The group became 6 Bit Education, who are now trialling Graide in three British universities where 96% of users say they want to carry on using the platform. Thanks to sophisticated algorithms, the system actually learns an individual assessor’s marking style, meaning they never have to mark the same answer twice. It also means the process speeds up over time – over 90% of users say the system has become significantly faster or faster than the previous month. 6 Bit Education estimate that the system can reduce grading times by an average of 89%.

This is crucial – in 2020, 31% of UK teachers worked more than 51 hours a week, 11 of which were spent on grading, and universities spend an estimated £130 per student per year on grading and feedback. Heavy marking workloads are one of the leading causes making teachers abandon the profession. 

Manjinder says: “I’ve always wanted to make personal learning happen at scale. I think if we had the capacity, it would be brilliant to give every single student their own personal tutor to give them bespoke feedback, exactly understand their problems, their learning outcomes and genuinely give them a personal learning journey. And that’s why tutors are so effective, but also incredibly expensive.”

Pictured from left are CEO Manjinder Kainth, George Bartlett, Robert Stanyon, Austin Tomlinson and Nicola Wilkin.

This is where Graide comes in. It aims to give teaching staff their time back, freeing them up to “be more personal” in their teaching and “keeping them at the heart of education”.

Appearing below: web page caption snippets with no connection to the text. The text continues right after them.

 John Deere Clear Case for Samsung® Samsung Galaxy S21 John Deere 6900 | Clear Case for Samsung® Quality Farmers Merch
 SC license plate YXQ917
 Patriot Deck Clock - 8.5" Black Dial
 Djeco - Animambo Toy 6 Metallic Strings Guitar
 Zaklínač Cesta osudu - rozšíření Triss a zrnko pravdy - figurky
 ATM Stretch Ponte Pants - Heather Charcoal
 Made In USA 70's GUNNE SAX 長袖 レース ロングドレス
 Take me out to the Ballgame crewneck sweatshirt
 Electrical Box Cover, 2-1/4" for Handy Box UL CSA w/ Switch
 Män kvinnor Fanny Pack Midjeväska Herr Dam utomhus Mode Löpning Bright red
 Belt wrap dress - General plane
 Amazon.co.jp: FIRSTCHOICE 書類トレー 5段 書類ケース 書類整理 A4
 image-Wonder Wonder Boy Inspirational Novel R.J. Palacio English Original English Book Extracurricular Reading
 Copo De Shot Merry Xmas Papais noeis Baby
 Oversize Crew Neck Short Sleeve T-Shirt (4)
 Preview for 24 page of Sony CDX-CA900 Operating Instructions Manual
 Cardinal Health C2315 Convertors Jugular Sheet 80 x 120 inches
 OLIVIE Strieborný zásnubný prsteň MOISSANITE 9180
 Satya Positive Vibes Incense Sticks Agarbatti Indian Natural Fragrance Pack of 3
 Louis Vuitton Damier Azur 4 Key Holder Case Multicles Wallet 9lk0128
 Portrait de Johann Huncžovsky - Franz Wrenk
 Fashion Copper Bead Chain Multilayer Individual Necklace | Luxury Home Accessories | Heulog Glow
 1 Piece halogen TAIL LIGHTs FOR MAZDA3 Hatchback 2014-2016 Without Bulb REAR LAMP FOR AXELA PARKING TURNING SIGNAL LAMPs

Manjinder and his team are expert coders in their own fields – he’s written one of the fastest matrix diagonalization codes to exist – but this didn’t necessarily help when trying to design a product for customers. The journey from students to business founders included learning about branding, how to build a business and customer base, and how to set up appropriate corporate structures.

Talking about the experience he says: “When you have to work together on a project, which hundreds, if not thousands, of people are going to end up actually using, understanding the nuances of user experience and trying to make the process really simple, is incredibly important.” 

“We went through multiple iterations of the product with real user feedback, taking all the feedback on board, and iterating it. And then we did it again. And again, to the point where now we’ve got a pretty slick product, which is easy to use, and only takes 5–10 minutes to understand how it works.”

The hard work has paid off – in May this year 6 Bit Education received 800k from the MEIF Proof of Concept & Early Stage Fund to commercialise its product, which will allow the team to grow and add new features to the platform.

Graide is an automated process and fully designed to shift the labour from man to machine, but a big focus of its development was about preserving the organic process of completing assessments and learning from mistakes. The team knew that the main way students improve is from the feedback on their working out.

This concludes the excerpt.